In February 1405 Edmund Mortimer, the young earl of March, was stolen from Windsor, but was soon brought back. On 17 Feb., at a great council at Westminster, Lady Despenser accused her brother (now Duke of York by Edmund of Langley's death) of complicity in his abduction and in the Eltham plot. Archbishop Arundel himself was suspected, but, to Henry's great delight, purged himself. As the lords showed no disposition to comply with the king's requests the council was moved to St. Albans, where Lord Bardolf headed a virulent opposition.

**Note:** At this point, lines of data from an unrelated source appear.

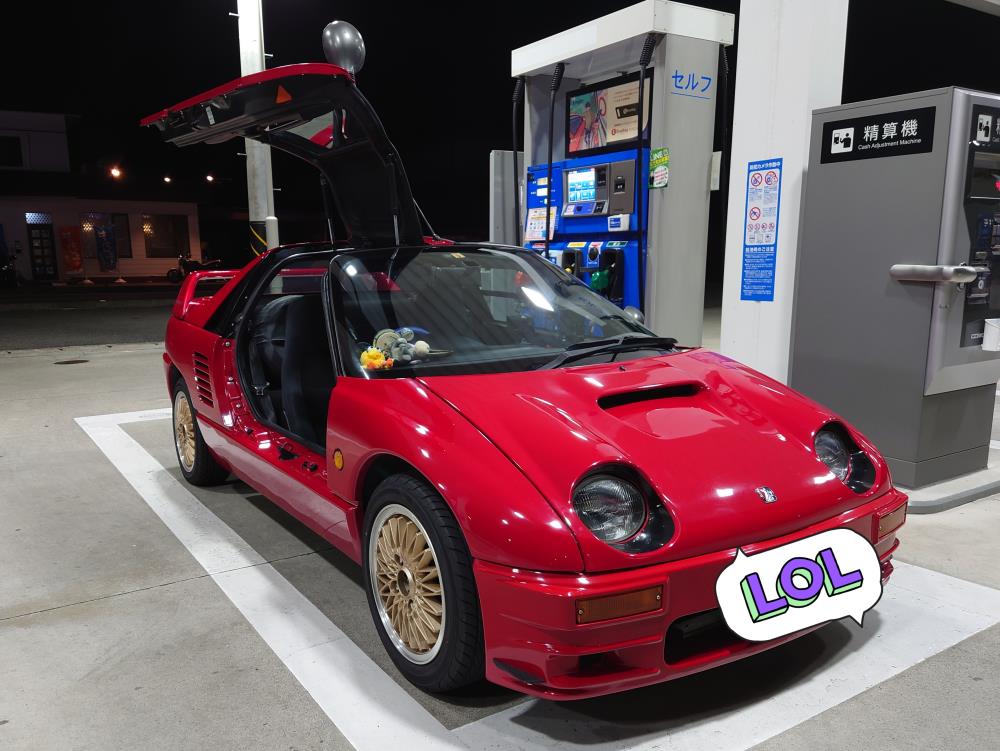 プロフィール2に写真を追加してください。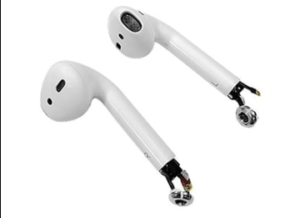 thay pin airpods 1​ 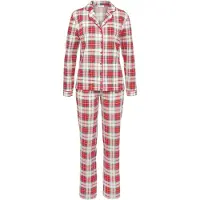 LASCANA Pyjamas blandade färger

Henry prepared for another expedition to Wales, and on 8 May was at Worcester. He heard there that Bardolf had joined Northumberland in an open revolt, and was supposed to have suggested a treaty between Northumberland, Owain, and Mortimer for the division of England into three parts (Chron. Giles, pp. 39–42). Archbishop Scrope of York (second cousin of the late Earl of Wiltshire) had joined with Thomas Mowbray, earl of Nottingham, styled the earl-marshal, in raising the Yorkshiremen, and had published articles against Henry. The king hurried northwards, and on 3 June was at Pontefract. But the rebellion had collapsed with the surrender of the archbishop and Mowbray to Westmoreland on 29 May at Shipton Moor. Henry advanced upon York, where the citizens implored his pardon. Henry sternly bade them return. On 6 June the king lodged at Bishopsthorpe, where Scrope was now a captive in his own palace. The courtiers, headed by the Earl of Arundel and Thomas Beaufort, urged Henry to make a terrible example of the treacherous prelate (Raynaldi, Ann. Eccl. viii. 143, ed. Mansi). Archbishop Arundel hurried to Bishopsthorpe to persuade Henry to refer the case of Scrope to pope or parliament. While Archbishop Arundel was at breakfast with Henry, after his journey, the Earl of Arundel and Thomas Beaufort held a hasty and irregular trial of the archbishop and Mowbray, and executed them on the spot (Ann. Henr. pp. 408–9; Raynaldi, Ann. Eccl. viii. 143, but cf. the different accounts in Gascoigne, Liber Veritatum, pp. 225–9, ed. Rogers; Clement Maidstone, Hist. de Martyrio R. Scrope in Anglia Sacra, ii. 369–72; and Chron. Giles, p. 45).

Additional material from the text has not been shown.